*What the task requires*
An exact copy of the entries below is needed, with every picture left out.

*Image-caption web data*
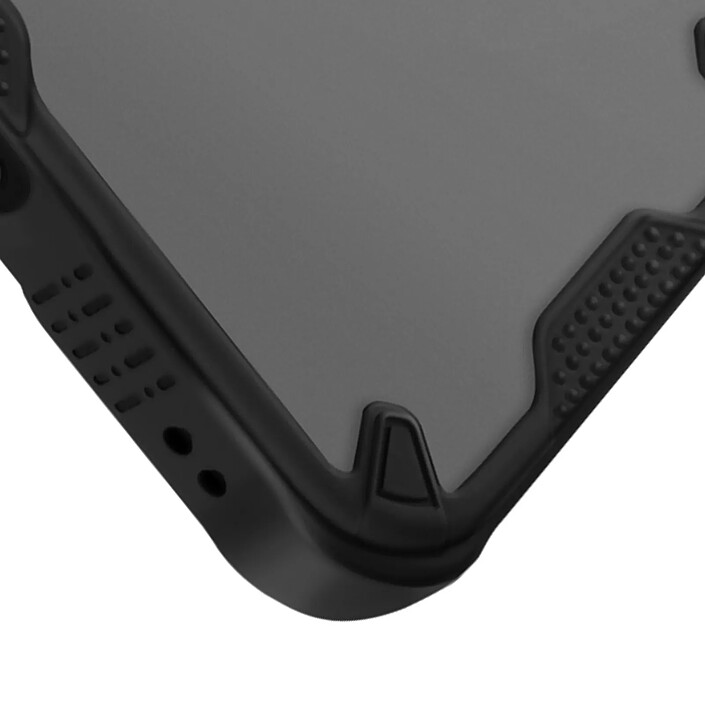 Acheter Avizar Coque Antichoc pour iPhone 16 Pro Coins renforcés Dos Mat Anti-trace Noir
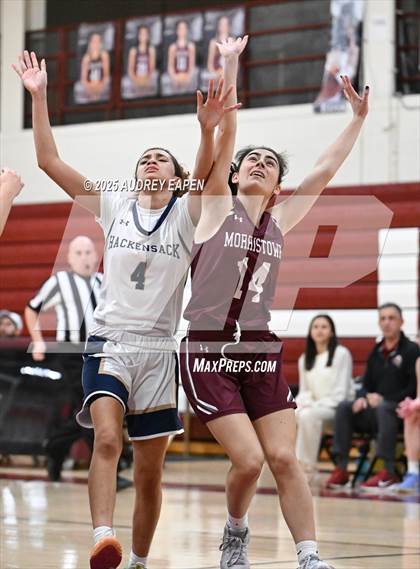 Thumbnail 2 in Hackensack @  Morristown (NJSIAA Section 1 Group 4 First Round) photogallery.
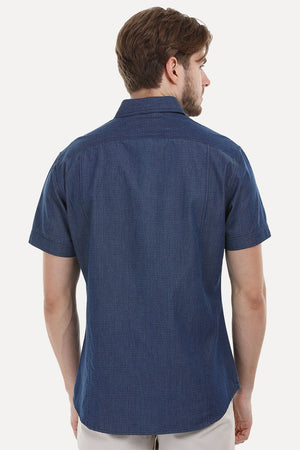 Ditsy Printed Shirt With Detailed Pockets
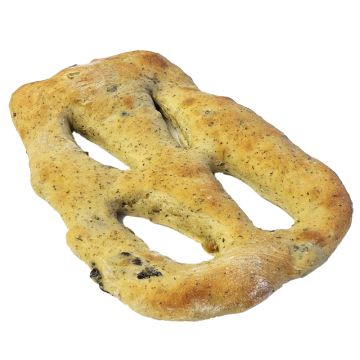 Frozen bread  - Fougasse olives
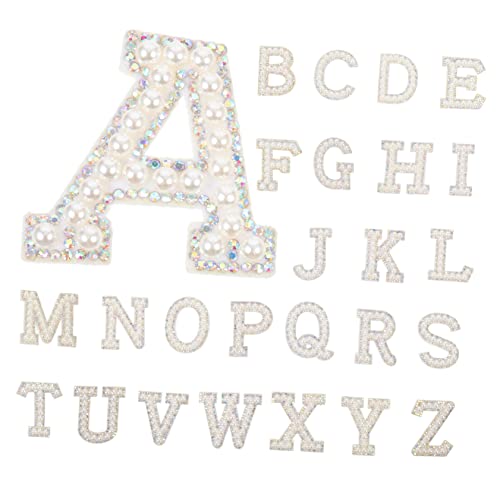 Housoutil 1 Satz Teiliges Buchstaben Patches Mit Strass Für Kleidung Bügel Und Näh Applikationen Selbstklebend Für Jacken Rucksäcke Und Diy Projekte 26 Stück Housoutil 1 Satz Teiliges Buchstaben Patches Mit Strass Für Kleidung Bügel Und Näh Applikationen Selbstklebend Für Jacken Rucksäcke Und Diy Projekte 26 Stück von Housoutil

*Response for this exercise*
 Acheter Avizar Coque Antichoc pour iPhone 16 Pro Coins renforcés Dos Mat Anti-trace Noir
 Thumbnail 2 in Hackensack @  Morristown (NJSIAA Section 1 Group 4 First Round) photogallery.
 Ditsy Printed Shirt With Detailed Pockets
 Frozen bread  - Fougasse olives
 Housoutil 1 Satz Teiliges Buchstaben Patches Mit Strass Für Kleidung Bügel Und Näh Applikationen Selbstklebend Für Jacken Rucksäcke Und Diy Projekte 26 Stück Housoutil 1 Satz Teiliges Buchstaben Patches Mit Strass Für Kleidung Bügel Und Näh Applikationen Selbstklebend Für Jacken Rucksäcke Und Diy Projekte 26 Stück von Housoutil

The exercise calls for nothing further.